Database Migrations with Alembic

Alembic is the migration tool that comes packaged with SQLAlchemy.

Using Alembic Migrations

From an end-user stand point, using alembic is relatively straight forward. If you’re using your local development environment or deploying to kubernetes (or wherever) the migrations should be designed to be applied in the same manner. Basically, the steps consist of: 1. Make sure alembic is installed (the correct version should be in the requirements.txt) 2. Change directory to the root of the repo 3. Run alembic upgrade head, which should run all of the pending migrations in the correct order and update your database to the latest version.

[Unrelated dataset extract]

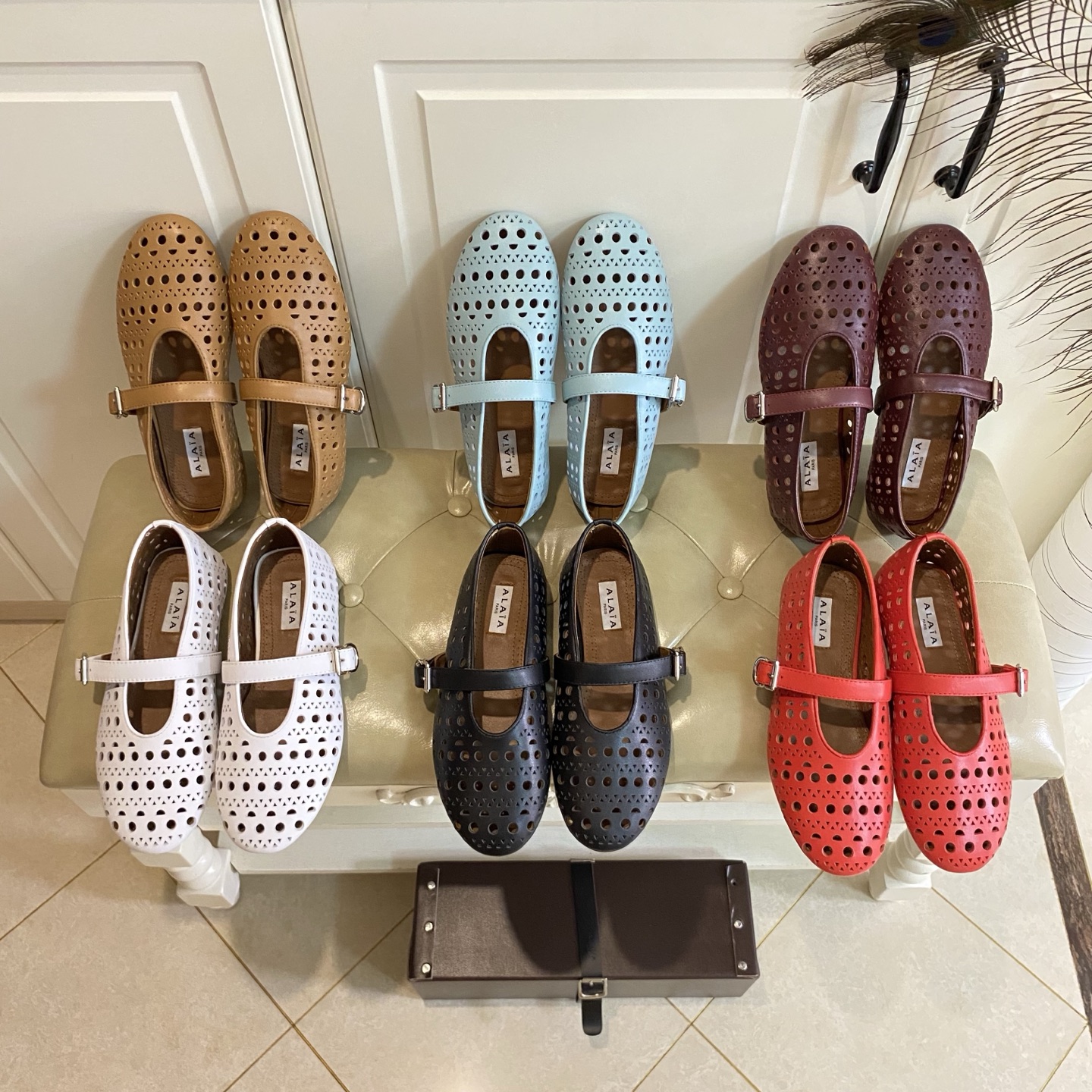 NO:402896,, Alaia Alaia new style, sheepskin punching face, sheepskin lining, original private mold film bottom, size 35-40 (41 size custom made without return or exchange), sandals, alaia, sandals, sheepskin19860909,阿莱亚Alaia新款,羊皮冲孔面,羊皮里,原版私模胶片底,35-40码(41码定做不退换),凉鞋,alaia,sandals,sheepskin,Women's Shoes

Writing Alembic Migrations

Writing alembic migrations is a little more complicated unfortunately, because we have to account for both SQLite local databases and the PostgreSQL production database, as well as migrating two databases (the catalog and the monitoring db) at the same time. Fortunately it’s not super complex, and can be done mostly automatically. Mostly

So in general we can summarise the steps for a generic upgrade procedure as follows: 1. Do schema migration on database (e.g. add table, add columns, change defaults) 2. Do data migration (e.g. change values in a column or table) 3. Do rest of schema migration (e.g. remove columns, add or remove foreign key constraints)

Alembic has auto-generation functionality, which can be useful to generate a rough outline of the schema migration you want to apply. This can be generated by using the command:

alembic revision --autogenerate -m '{DESCRIPTION}'

where {DESCRIPTION} should be replaced with a short description of what the migration is changing in the database. Current convention is to use all lower case.

This should provide a filled in template which gets you a good deal of the way there in terms of schema migration. This will need to be altered so that batch_update_table is used in lieu of the regular update_table which doesn’t work with SQLite (basically implements table altering by deleting and remaking a given table). For examples of this see past migrations and for more details read the SQLAlchemy documentation on it.

For the data migration we can use the standard ORM model that’s in use across the rest of the NLDS database interaction, but in order to do this safely and repeatably we have to make a local copy, in the revision file, of the database model. This is good practice so as to ensure the migration isn’t broken by imports that change in future database migrations. To do it yourself, you basically need to copy the class Contents of either catalog_models.py or monitor_models.py into the revision file, including both old and new changes to the table fields. You can then make a Session and query/update the database as you normally would. Again, look at previous revisions for examples of this, in particular ee82dd99bfc0_add_storage_url_fields.py.

TODO: Flesh this out, edit for clarity.